• What you will do: Return the line that has "4th image of 934 W Belle Plaine Ave #306" and all lines below it through the last, exactly as they stand; omit pictures.

• Data shown:
━━━

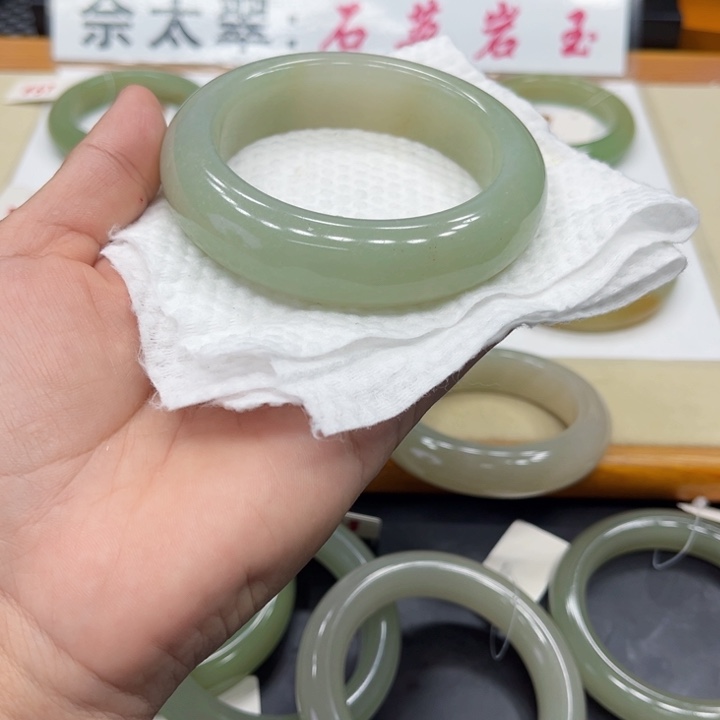 未镶嵌手镯石英质玉张*英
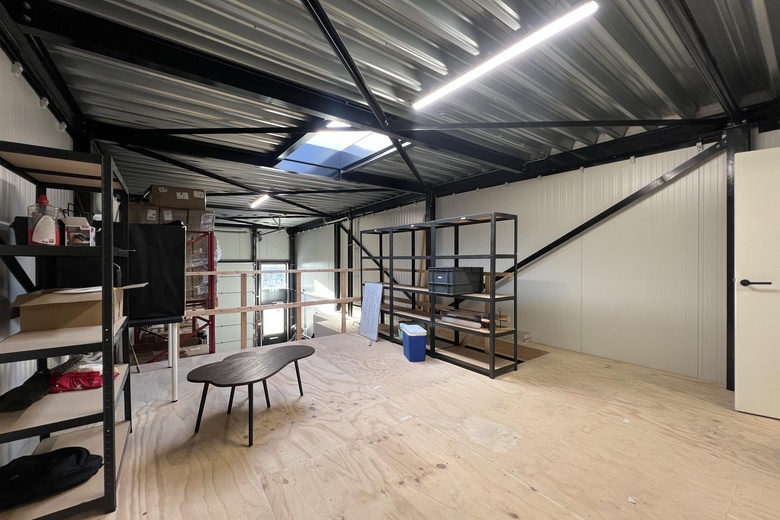 BedrijfsruimteaanNatuursteenweg 12 C<br/> inHendrik-Ido-Ambacht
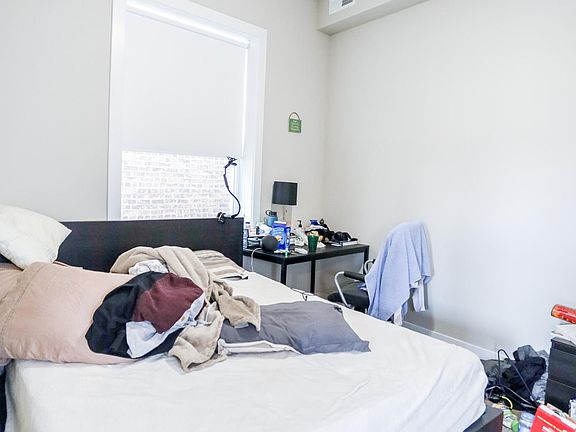 4th image of 934 W Belle Plaine Ave #306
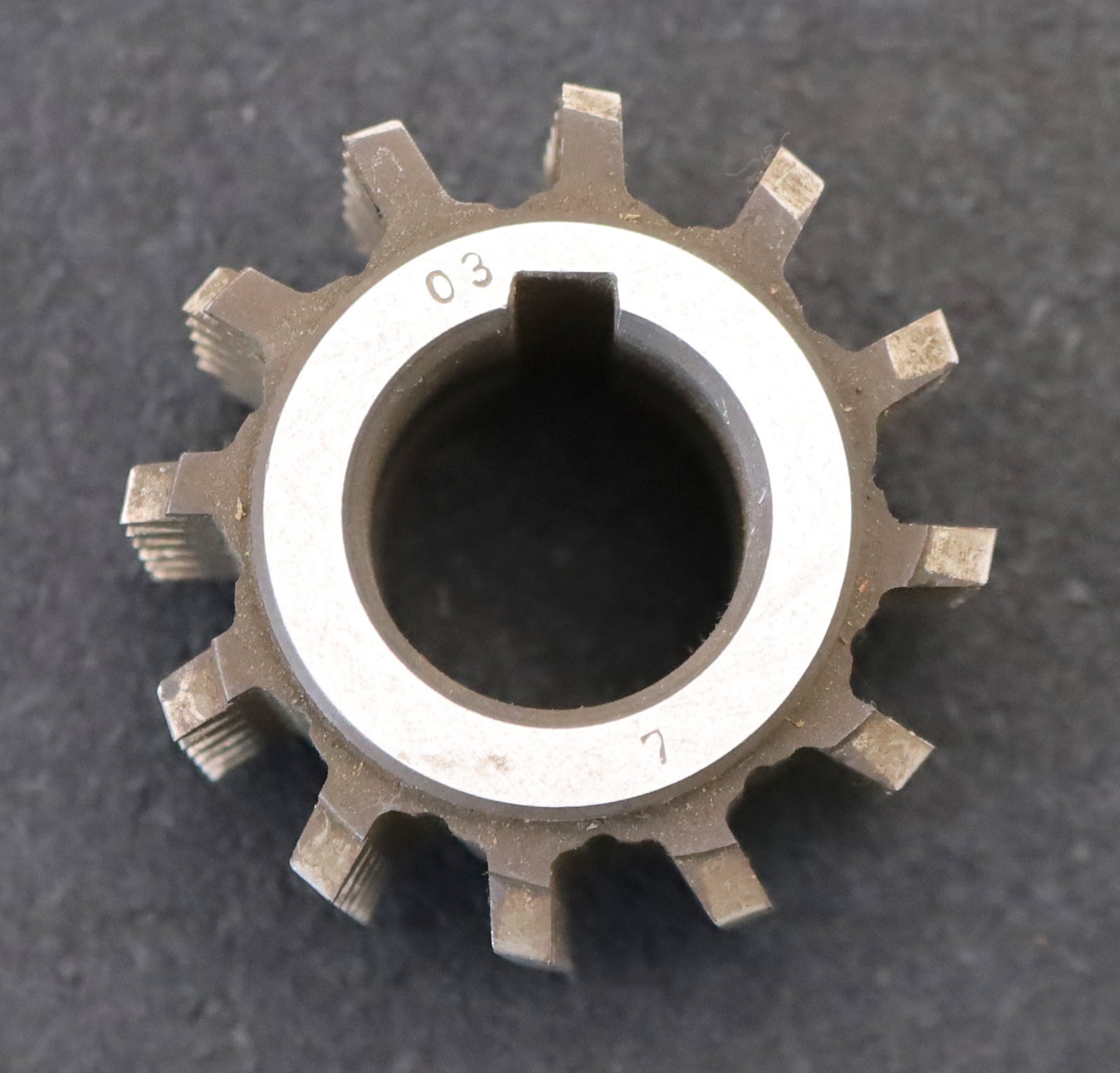 Bild des Artikels PWS-Zahnrad-Wälzfräser-m=-2,0mm-EGW-20°-BPII-DIN-3972-Ø63x49xØ27mm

━━━

• Reply:
 4th image of 934 W Belle Plaine Ave #306
 Bild des Artikels PWS-Zahnrad-Wälzfräser-m=-2,0mm-EGW-20°-BPII-DIN-3972-Ø63x49xØ27mm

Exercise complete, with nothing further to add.